EX-4.2 4 a2070705zex-4_2.htm EXHIBIT 4.2 Prepared by MERRILL CORPORATION

Exhibit 4.2

 
   
   
    THE SECURITIES REPRESENTED HEREBY HAVE BEEN ISSUED WITHOUT REGISTRATION UNDER THE SECURITIES ACT OF 1933, AS AMENDED, OR UNDER ANY STATE SECURITIES LAWS, AND MAY NOT BE SOLD, TRANSFERRED OR PLEDGED IN THE ABSENCE OF AN EFFECTIVE REGISTRATION STATEMENT UNDER APPLICABLE FEDERAL AND STATE SECURITIES LAWS OR AN OPINION OF COUNSEL REASONABLY SATISFACTORY TO THE COMPANY THAT THE TRANSFER IS EXEMPT FROM REGISTRATION UNDER APPLICABLE FEDERAL AND STATE SECURITIES LAWS.    

THE IMMUNE RESPONSE CORPORATION
8% CONVERTIBLE SECURED PROMISSORY NOTE

 
   
$2,000,000   New York, New York
February 14, 2002

        FOR VALUE RECEIVED, the undersigned, The Immune Response Corporation, a Delaware corporation (the "Issuer"), hereby unconditionally promises to pay on the Note Maturity Date (as defined in that certain Note Purchase Agreement, dated November 9, 2001, by and between the Purchaser (as defined below), Kevin Kimberlin Partners, L.P. and the Issuer, as amended by Amendment No. 1 dated as of February 14, 2002 (the "Note Purchase Agreement")) to the order of Oshkim Limited Partnership, a Delaware limited partnership (the "Purchaser"), at the office of the Purchaser located at 535 Madison Avenue, 18th Floor, New York, New York 10022, or such other address designated by the Purchaser, in lawful money of the United States of America and in immediately available funds, the principal amount of (a) Two Million Dollars ($2,000,000) or (b) if less as a result of any voluntary conversion(s) of this Note in part in accordance with Section 3.4 of the Note Purchase Agreement, the aggregate unpaid principal amount of this Note. Subject to Section 3.4 of the Note Purchase Agreement, the Issuer further agrees to pay interest on the unpaid principal amount outstanding hereunder from time to time, from the date hereof, in like money, at the rate of eight (8%) percent per annum, as and at the dates specified in Section 3.3 of the Note Purchase Agreement.

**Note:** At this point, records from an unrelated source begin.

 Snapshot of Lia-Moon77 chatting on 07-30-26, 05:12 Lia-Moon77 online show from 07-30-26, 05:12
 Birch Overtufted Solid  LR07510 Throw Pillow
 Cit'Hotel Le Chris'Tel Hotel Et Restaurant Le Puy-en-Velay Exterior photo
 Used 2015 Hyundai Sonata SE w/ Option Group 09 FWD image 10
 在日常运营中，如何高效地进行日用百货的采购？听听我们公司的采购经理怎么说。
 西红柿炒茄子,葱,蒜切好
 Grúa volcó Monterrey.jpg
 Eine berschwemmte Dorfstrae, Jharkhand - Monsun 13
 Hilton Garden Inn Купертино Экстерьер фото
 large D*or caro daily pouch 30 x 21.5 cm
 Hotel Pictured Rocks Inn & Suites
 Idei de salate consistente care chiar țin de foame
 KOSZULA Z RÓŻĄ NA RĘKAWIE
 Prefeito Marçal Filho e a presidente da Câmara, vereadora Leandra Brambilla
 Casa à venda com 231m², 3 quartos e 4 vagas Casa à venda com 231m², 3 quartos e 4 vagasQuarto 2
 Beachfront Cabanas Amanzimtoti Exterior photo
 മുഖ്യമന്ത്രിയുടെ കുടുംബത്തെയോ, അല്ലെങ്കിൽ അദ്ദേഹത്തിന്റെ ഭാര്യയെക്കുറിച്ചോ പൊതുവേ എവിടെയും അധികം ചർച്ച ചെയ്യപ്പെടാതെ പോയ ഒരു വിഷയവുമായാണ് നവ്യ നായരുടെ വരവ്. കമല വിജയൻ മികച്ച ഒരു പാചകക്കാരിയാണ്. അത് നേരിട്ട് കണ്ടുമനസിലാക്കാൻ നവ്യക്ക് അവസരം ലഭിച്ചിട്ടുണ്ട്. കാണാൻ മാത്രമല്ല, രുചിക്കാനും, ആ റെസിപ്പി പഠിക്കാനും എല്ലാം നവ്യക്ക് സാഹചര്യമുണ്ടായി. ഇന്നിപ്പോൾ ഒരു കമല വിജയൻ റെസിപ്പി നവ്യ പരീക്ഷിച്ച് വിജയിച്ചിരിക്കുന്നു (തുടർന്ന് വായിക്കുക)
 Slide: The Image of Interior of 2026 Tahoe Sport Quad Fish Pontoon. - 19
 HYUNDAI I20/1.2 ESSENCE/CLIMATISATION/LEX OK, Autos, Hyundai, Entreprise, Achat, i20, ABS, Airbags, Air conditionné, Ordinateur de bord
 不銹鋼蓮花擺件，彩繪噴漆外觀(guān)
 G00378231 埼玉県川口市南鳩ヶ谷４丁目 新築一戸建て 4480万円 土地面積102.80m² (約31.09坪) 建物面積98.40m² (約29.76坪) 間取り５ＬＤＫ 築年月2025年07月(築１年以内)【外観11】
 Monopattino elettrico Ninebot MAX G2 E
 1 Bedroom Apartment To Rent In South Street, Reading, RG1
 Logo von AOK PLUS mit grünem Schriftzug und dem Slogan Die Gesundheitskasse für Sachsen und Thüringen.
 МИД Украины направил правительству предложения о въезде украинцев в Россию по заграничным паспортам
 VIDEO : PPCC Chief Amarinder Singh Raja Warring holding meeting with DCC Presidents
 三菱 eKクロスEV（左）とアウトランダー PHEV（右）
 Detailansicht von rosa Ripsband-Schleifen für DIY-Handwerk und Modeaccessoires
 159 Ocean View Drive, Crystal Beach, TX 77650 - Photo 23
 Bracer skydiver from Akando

        This Note is the promissory note referred to in the Note Purchase Agreement, and is entitled to the benefits thereof, is secured as provided therein (and as provided in that certain Intellectual Property Security Agreement, dated November 9, 2001, executed by the Issuer) and is subject to conversion as set forth therein. In the event of any conflict between the Note Purchase Agreement and this Note, the terms and provisions of the Note Purchase Agreement shall govern.

        Upon the occurrence of any one or more of the Events of Default specified in the Note Purchase Agreement, all amounts then remaining unpaid on this Note shall become, or may be declared to be, immediately due and payable, all as provided in the Note Purchase Agreement.

        Subject to the provisions of the legend above, this Note is freely transferable, in whole or in part, by the Purchaser, and such transferee shall have the same rights hereunder as the Purchaser. The Issuer may not assign or delegate any of its obligations under this Note without the prior written consent of the Purchaser (or its successor, transferee or assignee).

        All parties now and hereafter liable with respect to this Note, whether maker, principal, surety, guarantor, endorser or otherwise, hereby waive presentment, demand, protest and all other notices of any kind.

        Subject to Section 3.3 of the Note Purchase Agreement, the Issuer agrees to pay all of the Purchaser's expenses, including reasonable attorneys' costs and fees, incurred in collecting sums due under this Note.



        This Note shall be subject to prepayment only in accordance with the terms of the Note Purchase Agreement.

        This Note shall be governed by, and construed and interpreted in accordance with, the laws of the State of New York.